South African motorists are bracing themselves for a massive fuel price increase on Wednesday.
The petrol price is expected to rise above R25 per litre on Wednesday, adding to the mounting burden on commuters, motorists, and consumers, the South African Institute of Race Relations (IRR) said in a media statement recently.
Internal divisions in the cabinet seem to be standing in way of a simple solution – extending the fuel levy relief previously announced by Finance Minister Enoch Godongwana, possibly followed by more structural reforms to the tax on the movement of people and goods.
Last week Minister Godongwana said “something must be done” about the looming increase in petrol taxes, which he described as a “blunt instrument” that “cuts across food prices” while generally increasing the cost of living.
Without intense and immediate public pressure to back this sober assessment, nothing will actually be done.

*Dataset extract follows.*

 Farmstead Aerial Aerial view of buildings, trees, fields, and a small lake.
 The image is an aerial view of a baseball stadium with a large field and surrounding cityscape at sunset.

Cosatu and the DA have both launched public pressure campaigns to try to save South Africa from a tax hike at the petrol pump.
The DA has gone so far as to argue that the fuel levy must be scrapped, which would put R90 billion back in the hands of ordinary South Africans to beat back inflation.
Minister Godongwana also pointed out last week that while South Africa faces inflationary risks from global challenges beyond its control, “the petrol issue is adding to these risks.
And what that means is that it is constraining the amount that should be available for economic development”.
“The more the government taxes movement the more expensive it becomes to travel or trade, raising costs right across the economy. It is absurd to delay solving a problem that is placing a drag on the economy and risks bringing South Africa to a standstill. Stop the tax hike now,” said IRR head of campaigns Gabriel Crouse.